Fernando Paiva a soixante-douze ans. Enfin, c'est ce qu'on m'a affirmé. Quand je vois avec quelle facilité, bien avant cet âge-là, beaucoup deviennent d'authentiques vieux cons (moi ça va, j'ai commencé jeune), des vieux cons pur jus, je ne peux m'empêcher d'être étonné. 
Lui avance dans la vie avec la fraîcheur d'un enfant, une soif de découvrir, d'expérimenter, d'inventer. Pas au hasard, en s'appuyant sur ses principes, les choses auxquelles il croit, qu'il ressent, que la Nature et ses dieux apparemment muets lui enseignent. Par exemple, il ne veut pas de courant électrique dans sa cave. Ses vins ont l'air d'accord avec lui, semblent communier à cet "animisme celte".

Fernando Paiva est simplement beau. Comme la vigne dans laquelle il nous promène, sous sa maison (ou sa ferme comme on a envie de dire face à l'écosystème qu'il a bâti). Cette vigne, il l'a plantée et replantée. La soigne comme un bébé, élabore des tisanes entêtantes avec les feuilles de la forêt d'eucalyptus voisine, invente des décoctions avec les oranges de son verger. Même contre le court-noué, il déploie des stratégies qui oscillent entre acupuncture et médecine parallèle.


Sa dernière trouvaille : la fleur de châtaignier, et éventuellement son pollen. C'est encore un secret, je ne devrais pas vous en parler mais en collaboration avec les scientifiques de l'Institut polytechnique de Braga, il tente de l'utiliser pour remplacer l'anhydride sulfureux, le SO2 (le souffre avec un oumême deux F comme écrivent les beaufs à la mode). C'est très sérieux.
Après avoir discuté avec les poules autochtones qui fertilisent le sol limoneux, comme molletonné de sa parcelle de loureiro, d'arinto et d'azal, j'ai goûté le 2015 expérimental de Quintada Palmirinha*. C'est agréable, mais en l'état je préfère la vivacité, et la netteté de fruit de la version avec (peu de) SO2. Je sais aussi que des palais davantage formatés aux accidents du vin préféreront sûrement la cuvée expérimentale. Quoiqu'il en soit, ce n'est que le début de l'aventure, et ce jeune homme a tout le temps pour lui!
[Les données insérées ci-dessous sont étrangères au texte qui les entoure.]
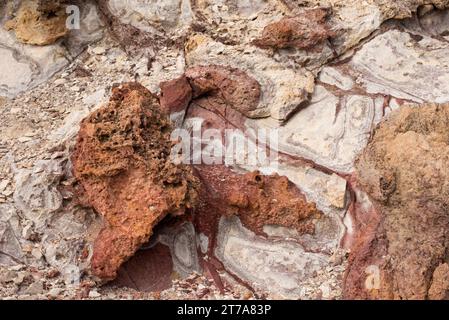 Ignimbrite ist ein vulkanischer Felsen, der aus einer Ablagerung pyroklastischer Strömungen gebildet wurde. Dieses Foto wurde in Cabo de Gata, Almería, Andalusien, Spanien aufgenommen. Stockfoto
Car les blancs** de Fernando Paiva lui ressemblent, ils sont fringants, beaux, avec cette espèce d'élégance tout sauf tapageuse du hobereau. Sans emphase, ils racontent un terroir marqué par l'harmonie, une sorte de douceur des courbes, un infini camaïeu de verts. Ils racontent ce pays discret qui regarde l'Océan sans le voir et se noie dans les forêts. En prime, ils vieillissent avec grâce.
Comme la semaine dernière, chez Vasco Croft, nous sommes encore, ici à Sousa, dans l'immense appellation vinho verde. Appellation hétéroclite, bigarrée qui vaut tellement mieux que sa méchante réputation industrielle. Justement grâce à des vins et à des vignerons comme ceux-là. 
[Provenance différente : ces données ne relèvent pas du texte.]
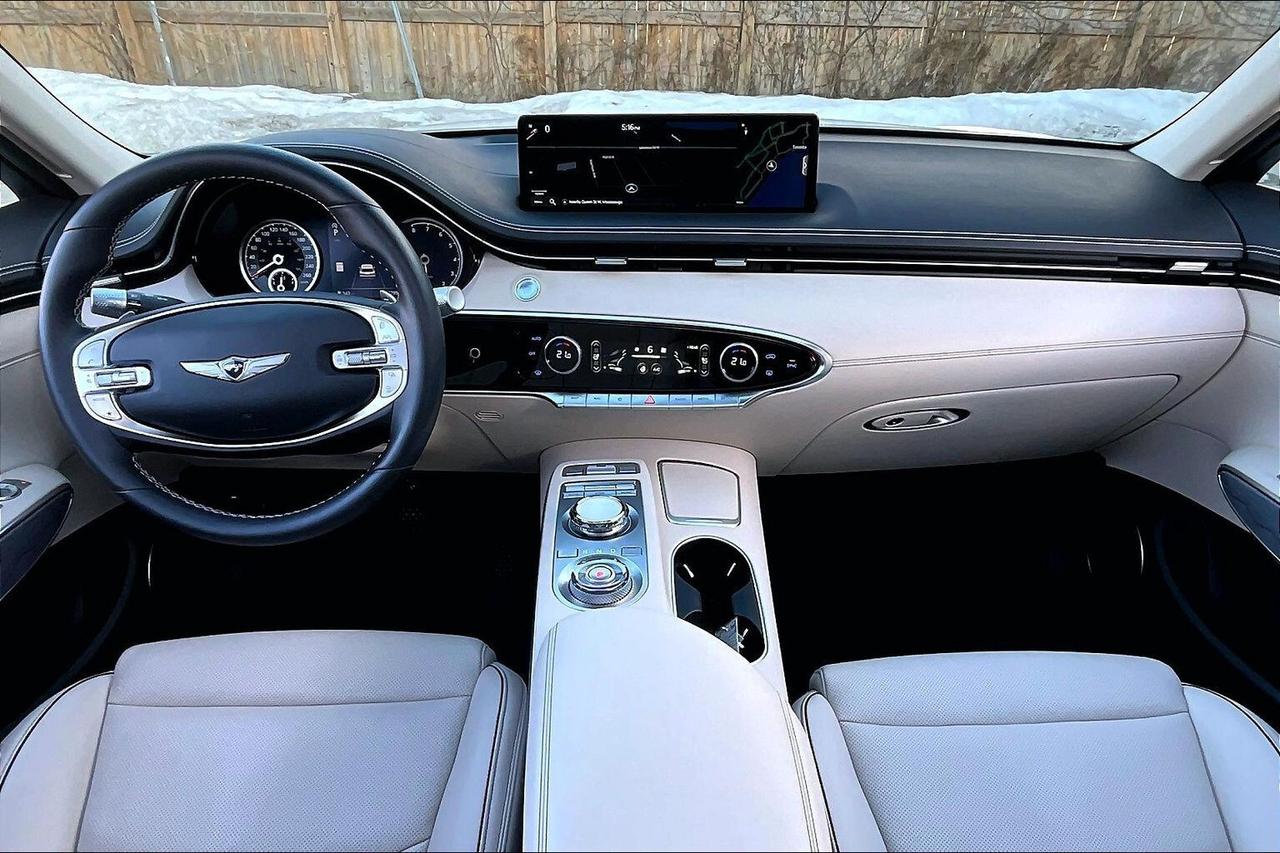 2025 Genesis GV70 2.5T Advanced | Vented Leather | Panoroof | AWD Photo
Du vinho verde, Fernando Paiva n'a conservé qu'une tradition : le prix. Il continue de vendre ses vins évidents, distingués, altiers mais pas hautains, à des tarifs de misère. Est-ce sa façon à lui d'être sage ? Peut-être. Sa sagesse en tout cas, cette belle sérénité donne envie non pas de vieillir, mais d'être vieux. Comme lui, comme cet homme discret qui tente sans le hurler sur les toits de remplacer le soufre par des fleurs.




* Palmirinha, "petite Palmire", c'est le surnom de sa maman qui longtemps régna sur la ferme, son potager, ses treilles de vignes, les animaux, la fontaine. Un travail qu'il évoque avec pudeur et respect.
** Fernando Paiva produit également en toutes petites quantités un remarquable vinho verde rouge, à base de vinhao. On en boirait du petit-déjeuner au coucher.